Luis Gerardo Carmona moved from Mexico City to Manchester, Tenn., two years ago, with his wife and two young sons. To call it a big transition would be an understatement. Relocating from a city of 25 million people to a town of 10,000 was change enough, to say nothing of taking on a new language and culture.
The family chose their new home based on its proximity to Westwood Elementary School, which has an excellent reputation in Manchester’s Hispanic community for its work with English language learners (ELL).
Not long after the move, Mr. Carmona was glad of this decision. His five-year-old son, Matías, who was not then as proficient in English as he is now, became sick at school and was unable to communicate how he was feeling. It was a difficult situation for Matías but then a Spanish-speaking school receptionist stepped in to comfort the boy and translate for the school nurse, and Matías was feeling better by the time his mother arrived to take him home.
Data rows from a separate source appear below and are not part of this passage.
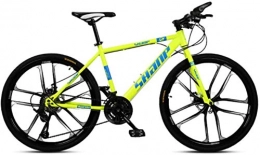 HCMNME Bike HCMNME Mountain Bikes, 24 inch mountain bike male and female adult super light variable speed bicycle ten-cutter wheel Alloy frame with Disc Brakes (Color : Fluorescent yellow, Size : 24 speed)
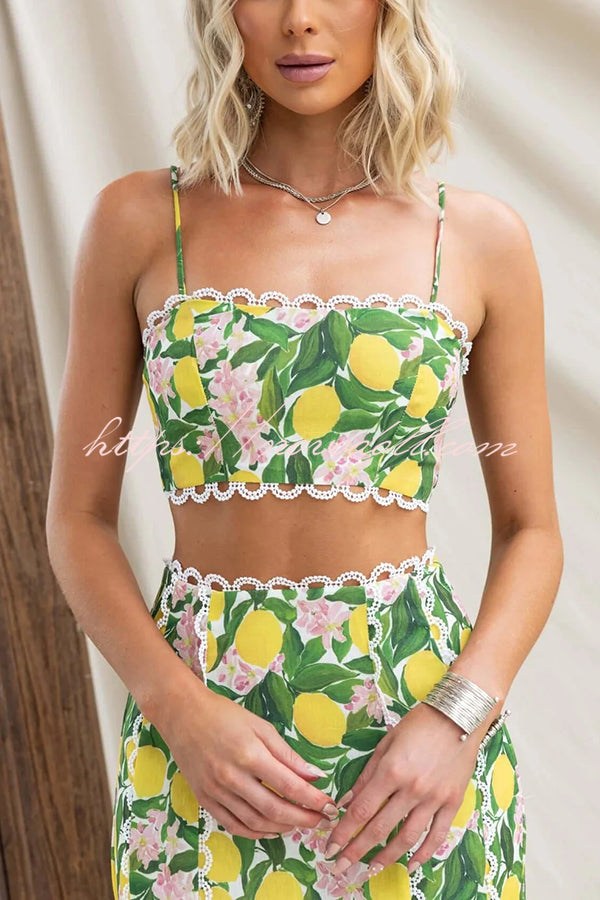 Linen Blend Summer Fruit Print Camisole Top and Elegant Lace Back Slit Maxi Skirt Set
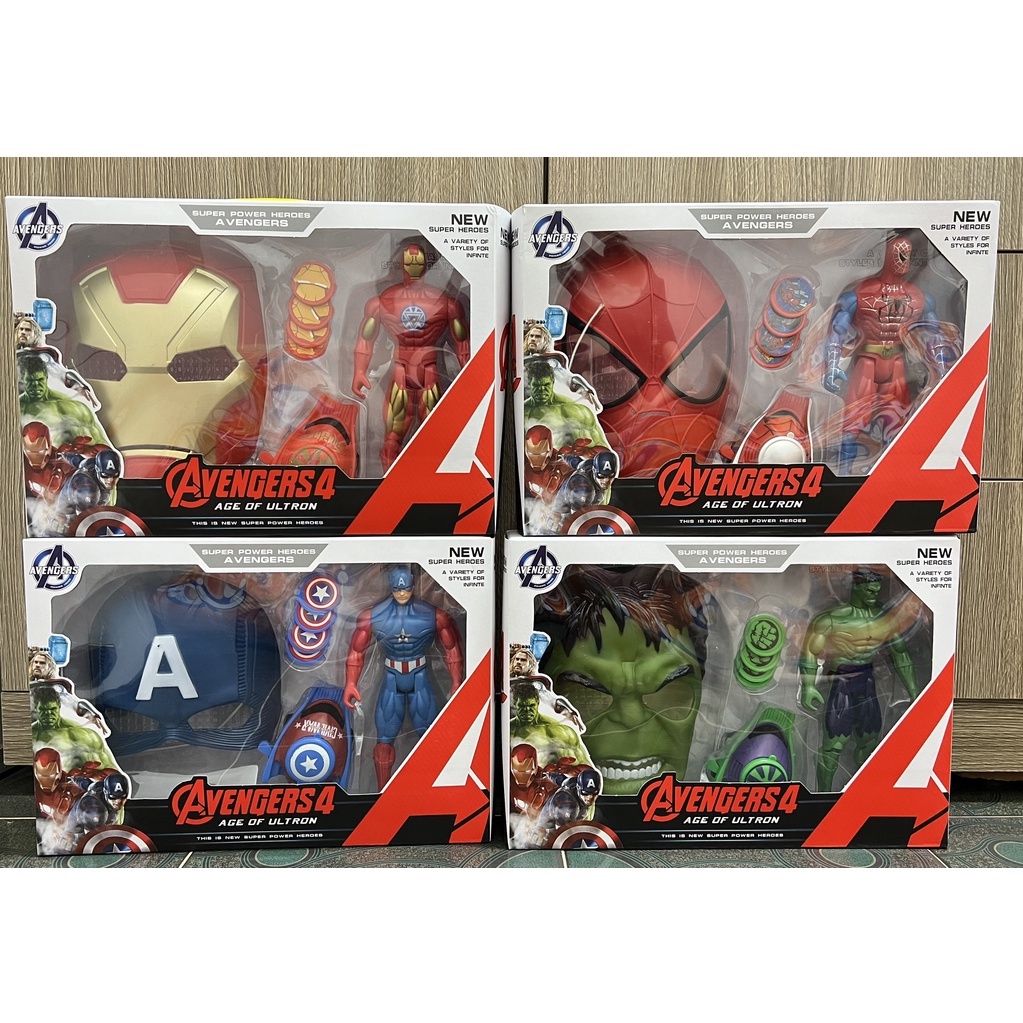 Đồ chơi siêu nhân, mô hình siêu anh hùng Avengers kèm mặt nạ, máy ban thẻ, thế giới đồ chơi 1104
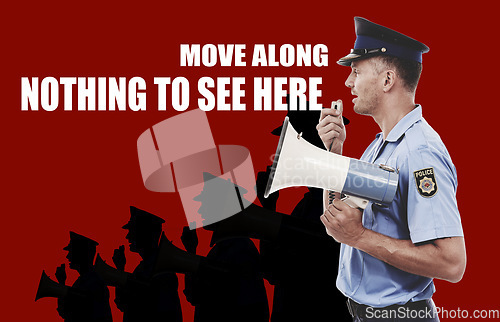 Image of Man, communication and police officer with megaphone, safety and announcement with red background. Profile, person and bullhorn, crowd control and speech with justice, legal law and illustration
Later that evening, three different school staff members all phoned the family to check on Matías.
“They take any chance, any opportunity, to really embrace the kids,” Mr. Carmona said. “It’s like a big family. They invite and take every chance to bring new people on board.”
This family’s experience is all in a day’s work for Westwood Elementary, one of the finalists for the 2014 SCORE Prize in the elementary school category. Westwood is a school that excels at providing innovative, whole-family solutions to student learning needs.
“We really see our school as a collective family, and anyone who is connected with that, we want to make sure they feel that familial bond with us,” said Thomas Fuhrman, Westwood’s principal. “We make certain to involve everyone in our family.”
All Westwood families are supported by a Family Resource Center, the site of community collaborations that have helped provide services ranging from parenting classes to financial support for school supplies. With more than 65 percent of the school’s 500-plus students receiving free and reduced meals (FARM), Westwood receives school-wide Title I services, and staff members work hard to support students in and out of the classroom.
In the case of ELL students in particular, teachers and staff say family engagement helps break the language barrier and nurture academic growth. ELL students make up more than one-fifth of Westwood kids, and this part of the school’s population is growing – Mr. Fuhrman said 10 percent of the Westwood students currently live outside the school’s district and pay tuition to attend, which is due in large part to ELL services. Westwood provides Title III-funded English classes for parents, helping families learn the basics of English as well as cultural aspects of American life. A weekly tutoring and mentoring program called Circle of Friends brings more than 100 ELL students and families from across the district to Westwood for academic enrichment and homework help. And every fall, Westwood hosts the school district’s ELL night, a program that invites families to school to see classrooms, meet teachers, and receive translated information about the school year.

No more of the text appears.